Dans le cadre de la sensibilisation, la vidéo peut être vue par les élèves sans questions préalables, l'enseignant après le visionnage les laisse s'exprimer afin de faire émerger leurs pré-notions.
Dans les autres cas de figure, comme tout document, la vidéo doit être accompagnée d'un questionnaire que l'enseignant distribue aux élèves afin de s'assurer qu'ils comprennent bien les questions posées. Celles-ci portent sur le montage qu'ils vont visionner mais peuvent être également portées sur des notions déjà étudiées et nécessaires pour sa compréhension ; elles peuvent aussi nécessiter le recours à des ressources complémentaires (dictionnaire, Internet) ce qui alors requiert des équipements adéquats ; elles peuvent s'intégrer dans un questionnaire plus vaste et ainsi être requises pour une ultime question de synthèse.
Pour structurer ce questionnaire l'enseignant peut s'appuyer sur les objectifs de référence de seconde : collecter des informations, les traiter, les analyser et les commenter, acquérir et maitriser des connaissances pour produire une synthèse.
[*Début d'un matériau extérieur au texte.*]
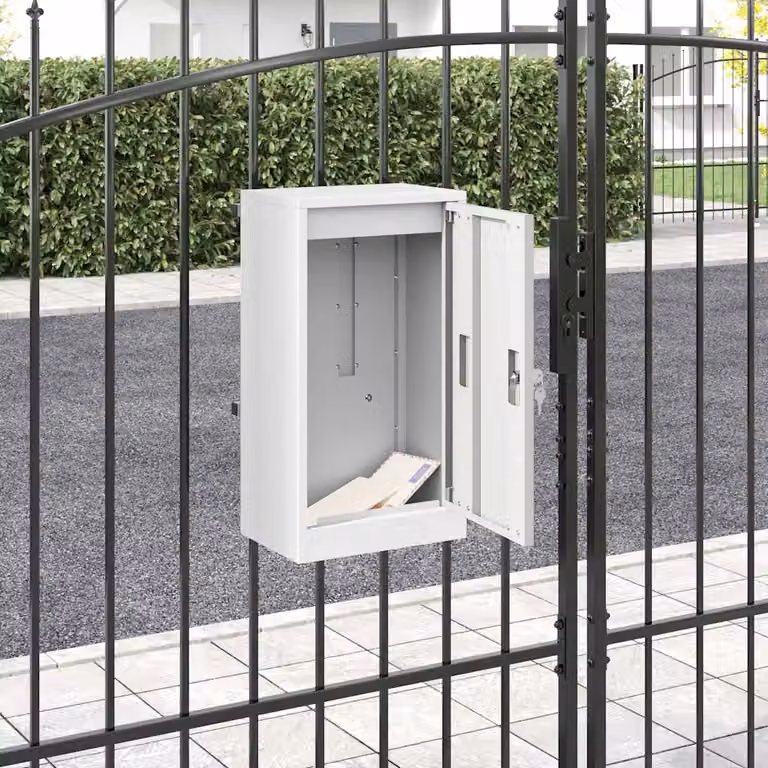 Cassetta postale vidaXL in acciaio bianco L 30 cm x P 20 cm x H 55 cm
Il peut également s'inspirer des nombreux exemples d'exploitation pédagogique qui figurent dans les manuels ou sur les sites disciplinaires des différentes académies.
D'abord en raison de la lourdeur des programmes il n'est pas envisageable de passer des vidéos dans leur intégralité ou alors ce ne peut être qu'à titre exceptionnel. D'autre part il n'est pas souhaitable que le montage vidéo excède 15/20 minutes car l'attention des élèves souvent se relâche au-delà.
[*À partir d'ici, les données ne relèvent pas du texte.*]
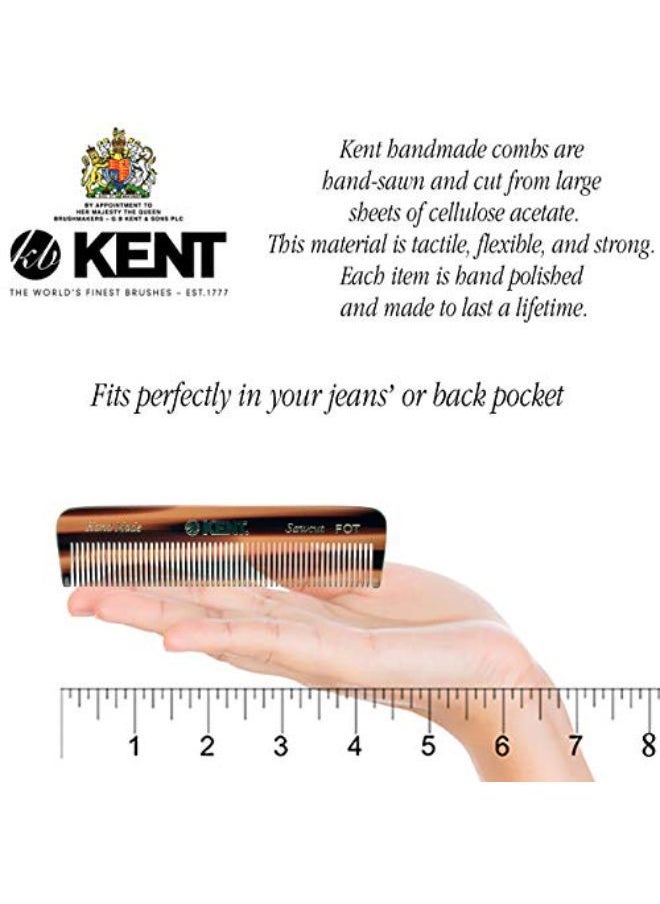 KENT - A Fot Handmade All Fine Tooth Saw Cut Beard Comb - Pocket Comb And Travel Comb - Styling Comb Or Wet Comb For Fine Or Thinning Hair, Beard Care, And Hair Care For The Essential Kent Beard Kit - Image 1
Ensuite les émissions et films ayant rarement été conçus spécialement pour le niveau d'enseignement pour lequel vous voulez les exploiter, les présenter dans leur intégralité peut conduire à étudier des faits qui, certes sont dignes d'intérêt, mais qui ont un rapport lointain avec le programme.
Enfin lors d'une séance de cours l'enseignant utilise plusieurs documents. Si l'un d'entre eux est une vidéo, il ne peut excéder une dizaine de minutes.
Le montage permet donc à l'enseignant d'utiliser une vidéo au même titre que les textes d'un manuel, que des articles de journaux. Il s'intègre alors dans une démarche globale d'apprentissage.
En conformité avec le bulletin officiel du 4 février 2010 vous pouvez découper librement les émissions et les films que vous avez enregistrés sur des chaînes de TV non payantes par contre lorsque vous découpez un DVD édité dans le commerce vous devez vous limiter à un montage n'excédant pas 6 minutes et/ou 15 % de la durée totale de l'œuvre. Les montages ainsi réalisés ne doivent pas servir à constituer une base de données et être intégrés au cahier de texte numérique.
D'abord dans les manuels et sur les sites disciplinaires des différentes académies. Ces listes font gagner du temps non seulement parce qu'elles sont accompagnées d'exemples d'exploitation pédagogiques mais également parce qu'elles relient chapitre du programme et exemples de vidéos.
Ensuite l'étude du programme de télévision chaque semaine permet d'enregistrer des vidéos dans un format de qualité et ce facilement.
Enfin sur Internet les chaines non payantes ont développé une offre de vidéos à la demande dont certaines sont gratuites durant un certain temps.